所以,义务教育“减负”,走出过去政策循环的怪圈,不能纯粹依靠取消校外教育培训机构的“减法”,因为这不能根本上消除家长的担忧和市场的需求,而要更多依靠做“加法”,建立“减负”政策长效机制,需要根据价值确定目的,根据目的确定目标,根据目标确定途径。

2019年7月7日,江苏常州,等候孩子从兴趣班下课的家长。图|视觉中国

第一个“加法”是政府要在国家层面从财政支出上保障教育支出的合理性增长,逐步增加教育财政性支出占GDP的比重,努力提高到高收入国家的水平,从根本上满足人民群众对优质教育资源的需求。

第二个“加法”是增加义务教育投入占全部财政性教育投入的比重,使得义务教育、高中教育、高等教育的财政性支出的比例接近于合理或相似的水平。发达国家在这三个阶段的教育经费支出比例大致保持在1:1:1的水平。这样才能使更多优质人才和资源下沉到义务教育阶段,下沉到农村地区,下沉到中西部地区,促进优质教育资源的合理分配。

第三个“加法”是要统筹好校内校外各类优质教育资源,让校外的优质资源回流校内,使得每个孩子在校内能享受到优质的教学服务。可以通过财政资金或者政策激励,引导校外教育资源有序向校内流动,使得盈利的教育资本反哺给校内教育。此外,还要建构综合的“减负”政策评价指标和长期的监督管理机制,并及时跟踪、评估与反馈。

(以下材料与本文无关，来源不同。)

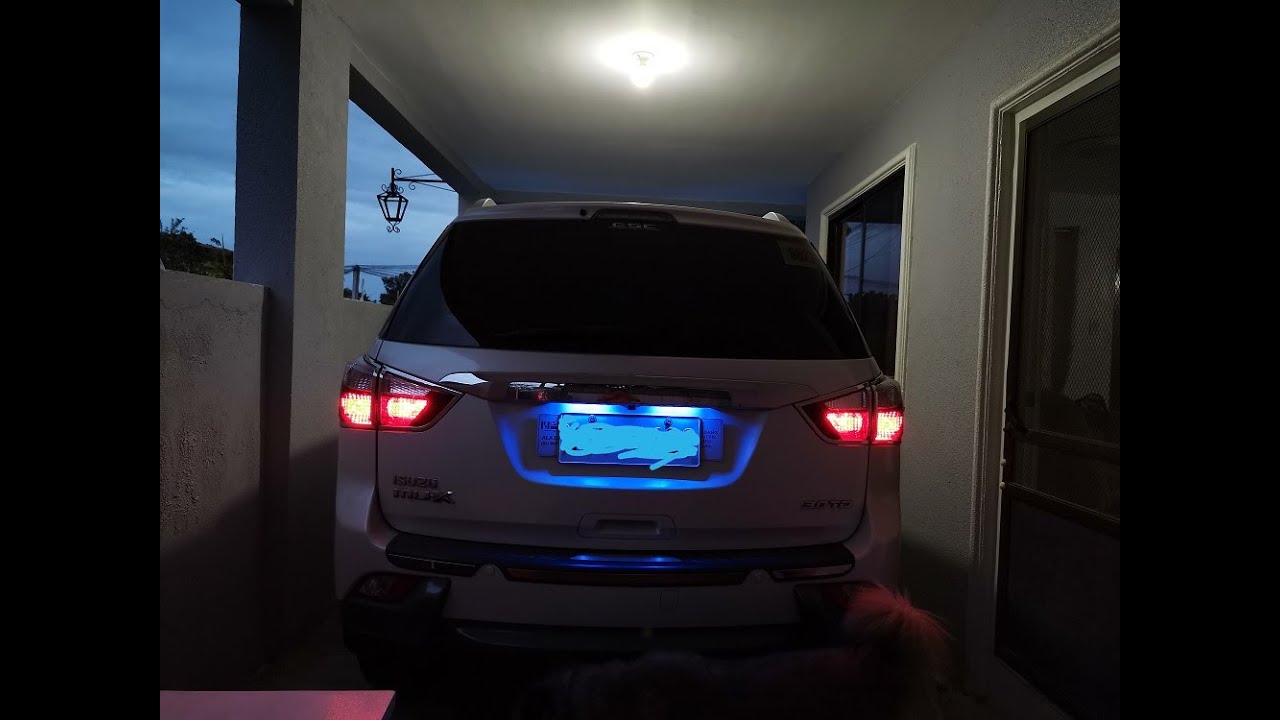 Isuzu MUX replacing the License Plate light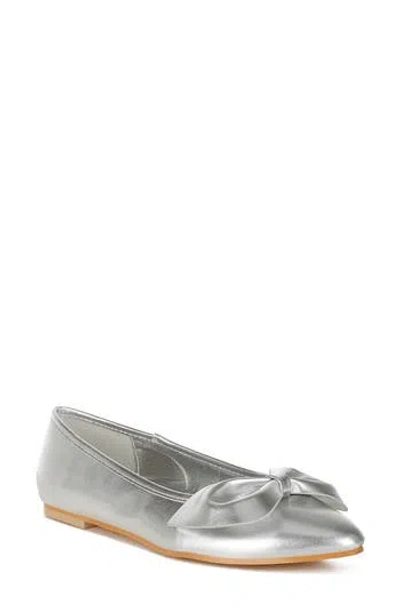 Rag & Co Bromelia Water Repellent Bow Flat In Silver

第四个“加法”是地方教育行政主管部门应该合理规划,整合地区内的教育资源。比如,在一个城市内,统筹市内义务教育资源,促进学校之间的相互帮扶,平衡不同城区教育资源的差距;在一个省范围内,也尽量平衡农村和城市之间的差异。

第五个“加法”是家长和学校的加法。家长要做好陪伴孩子的加法,而不是把学生推给教育培训机构,也不要把“别人家的孩子”成为自己孩子学习负担的“原罪”;学校要有综合素质的加法,减了不必要的学业负担,但要增强学生的学习兴趣和探究的天性,给学生更多自我成长锻炼的机会,在有教无类的基础上探索如何更好地因材施教。

第六个“加法”是社会的加法。全社会要有多元化的人才评价准则,推崇任何为社会做出贡献的人,鼓励年轻人的成才多元化选择之路,不刻意渲染“尖子生”“状元郎”,正确对待学业优秀学生的励志经验。

总之,义务教育“减负”不是单一主体的责任和义务,而是从学生、家长、教师、学校和政府相关部门到整个社会共同面对的。家长与校外培训机构应该做好学生课后的“减法”,政府、学校要为学生“减负”做足“加法”,提供好政策保障。